◆ **EXERCISE INPUT**:
== Segment start ==

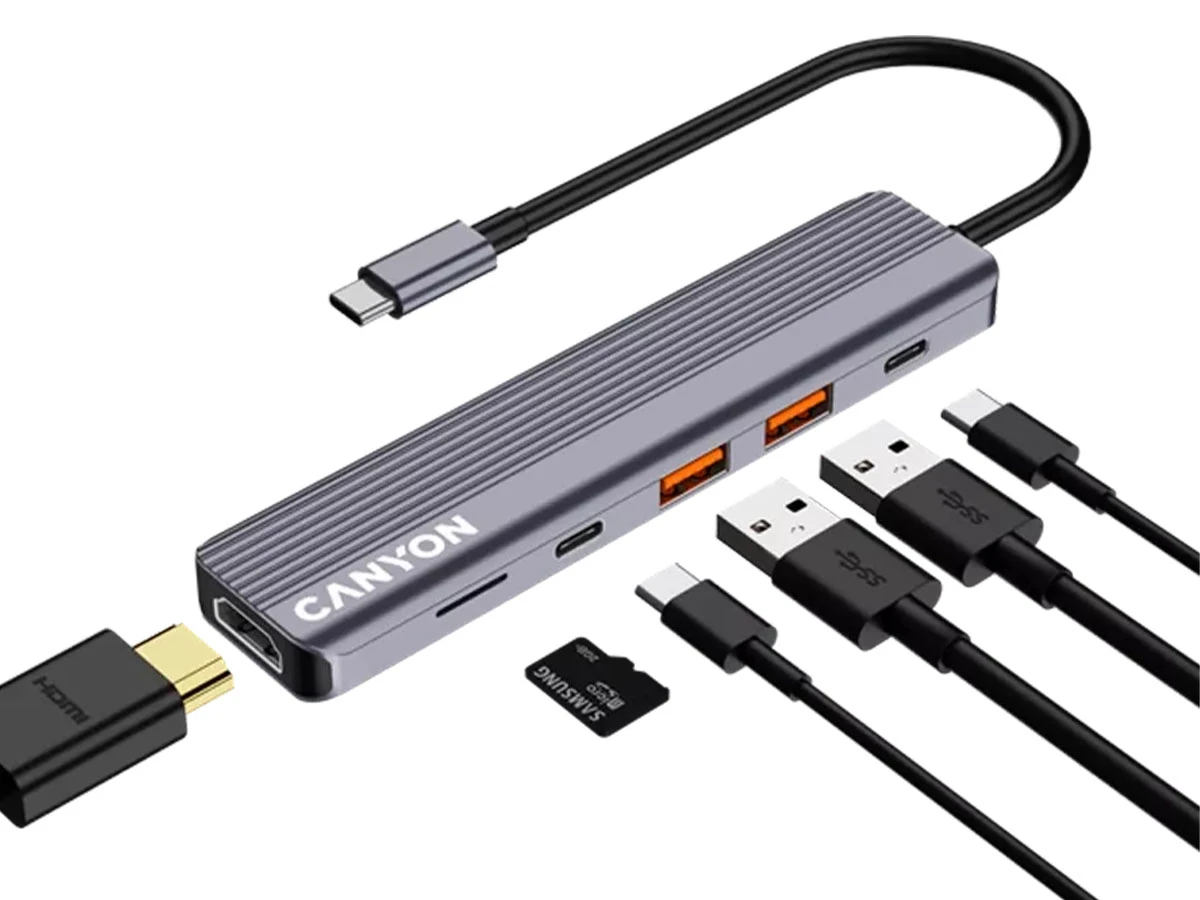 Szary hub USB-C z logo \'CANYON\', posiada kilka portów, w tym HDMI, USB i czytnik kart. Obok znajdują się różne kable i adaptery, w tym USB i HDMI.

== Segment end ==
== Segment start ==

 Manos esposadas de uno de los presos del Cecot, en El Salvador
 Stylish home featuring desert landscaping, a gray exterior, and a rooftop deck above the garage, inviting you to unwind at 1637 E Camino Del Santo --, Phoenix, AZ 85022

== Segment end ==

◆ **TASK REQUIREMENTS**:
Where the data above reaches the line holding "Manos esposadas de", begin printing, and stop after the line holding "Stylish home featuring". Each line must be reproduced exactly, with nothing else added.

◆ **ANSWER BOX**:
 Manos esposadas de uno de los presos del Cecot, en El Salvador
 Stylish home featuring desert landscaping, a gray exterior, and a rooftop deck above the garage, inviting you to unwind at 1637 E Camino Del Santo --, Phoenix, AZ 85022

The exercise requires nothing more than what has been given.